My little piece of Myself

I'm just gonna change this when I feel like it

Life's Silly-ness

Monday, September 05, 2011

Back to the old times =)

Watching some amazing goals from youtube felt so good. Excited, and reminded me about my youth.

When I was a kid, I used to watch football games with my father and brothers. Though I wasn't really understand what football is, but I enjoyed the goals and the moment they scream together. I remember the first FIFA World Cup I've watched, it was won by Holland if I 'm not mistaken. I remembered my father was talking with my brothers about Berkamp's goal. It is the clearest memory about my father with the family. Speaking of that time, David Beckham was the hottest footballer around the town. Everyone likes him and seems like he's the only one that everyone knows when comes to football games.

Of course, he's my hottest best footballer among all. Not that he's the only one who famous back at 90s, and he's the only one who can really play well and have natural talent plus potential in football. His free kicks and crosses were the best, and no one else can beat him even until now. I have a poster of him that hanged on my wall. The first thing you'll see when you enter my room will be his handsome face on the wall. My friends all noticed it and said I'm crazy. So what? Don't ever let me see you hanging Jay Chou on your wall then. It's crazy! You know.

When I watch the videos, I can feel the excitement and passion when he plays. His goals was absolutely no doubt, fascinating. All his free kicks bend, assistance, passing and goals, it's almost 100% accurately to be score once he got the chance and the right spot. He can determined really fast about how much strength he's gonna kick the ball and pass to his teammate, with 100% accurately. He's talented just the moment he born. He work hard for his fame and money, he played with his passion. He's unpredictably nice and handsome, not to mention having a wife that dressing him to be a fashion icon. Incredibly sexy body shape, tattoos, hairstyle and lot more. How amazing would it be if he's my dad? Nah just kidding. But... What if I am?

I miss the time when he wears the red jersey. I miss the time when he kicks out the ball and celebrate on the next moment. I felt regret that I didn't watch much of his games when he play for the Red Devils. Well... That's the time that you're suppose to missed aren't ya?

Picture of the day



I like this hairstyle the most

Dream on Yvonne... Dream it big.

Sunday, September 04, 2011

Acting strange...

Been sleeping in the middle of the night lately. My body told me to sleep but my brain just doesn't allowed me to. With all the music, games, imaginations and shit. Damn my brain just wouldn't wanna rest for a second.

The coming weeks is going to be super busy for me. Tom is going to work at the fair, me have to take care of his outlet my own. I'm afraid that I can't handle it. Imma everyday late to work, what more can help him to take care of it? It's a joke right? I hope it is. Seriously.

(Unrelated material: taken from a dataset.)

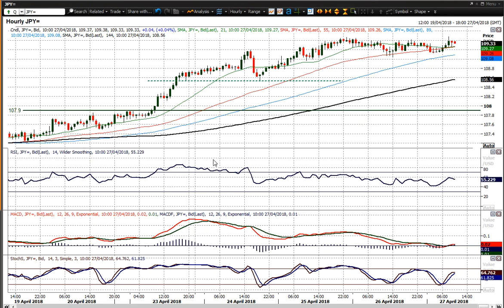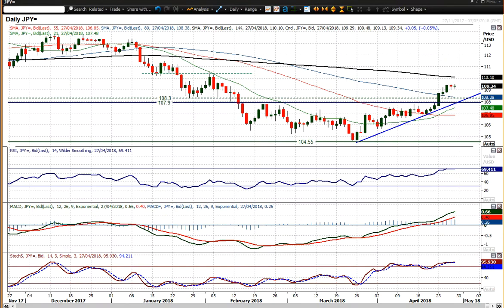You can already see these momentum indicators unwinding on the hourly back towards around 40 on the RSI, and back towards neutral on the MACD lines as well. Support around the 108.90 to 109 figure area seems to be a basis of support now. 108.55 is a level to watch on the near-term chart — if you do break 108.55, that suggests you're in more of a corrective near-term phase.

I must change. At least be punctual to work as my first step. Then, a chance to apologize. I need to prove to myself, and to other people, that I am capable to handle things myself. I am a reliable person and a trustworthy friend. I have to gain back my trust between them and I. Only time can change this matter at the moment. Not that I don't care, but I'll just let the time to prove it to them, about the real me.

To be honest, I do feel disappointed to myself. What a joke.

Just want to buried myself into music and think nothing.

Picture of the day



Yea I'm cute =)

I feel like we're being far apart away.

Thursday, September 01, 2011

My life is confised

Is it me or is it my brain? Made me fucking late to work these days. I'm scared, to let others find out. I don't mind what others think, but her. I'm pathetic I know.

I know I'm the problem, not my brain. Just trying to find an excuse for me to escape. Scared, but still doing it. What the fuck are you doing Yvonne Kow?! You've said you'll change, but since when you really change? Since when? I wanna know either. Your room is a mess, your job is pointless, your study is worthless, your life is confused. What am I doing at all these times? Am I on the right way? Or did I choose the wrong path? Can anyone tell me?

I feel really upset, when seeing my friends are graduating from college. I admit it. I'm jealous and upset. I don't blame anyone, not my mom, not my dad, not my brothers, but myself. I wasted my own time and other people's money. I lost trust from my friends, my colleague, I guess the next will be my family. Let's hope they don't give up on me alright? I got no one to tell my feelings, here, in this place, is the only place that I can spread out my feelings, but no one knows still.

At the moment, I'm scared. I'm worried. I'm pathetic. Can anyone hear me?

Picture of the day



I'm scared. My life is pathetic.

I'm still trying to be better for you, but I just can't.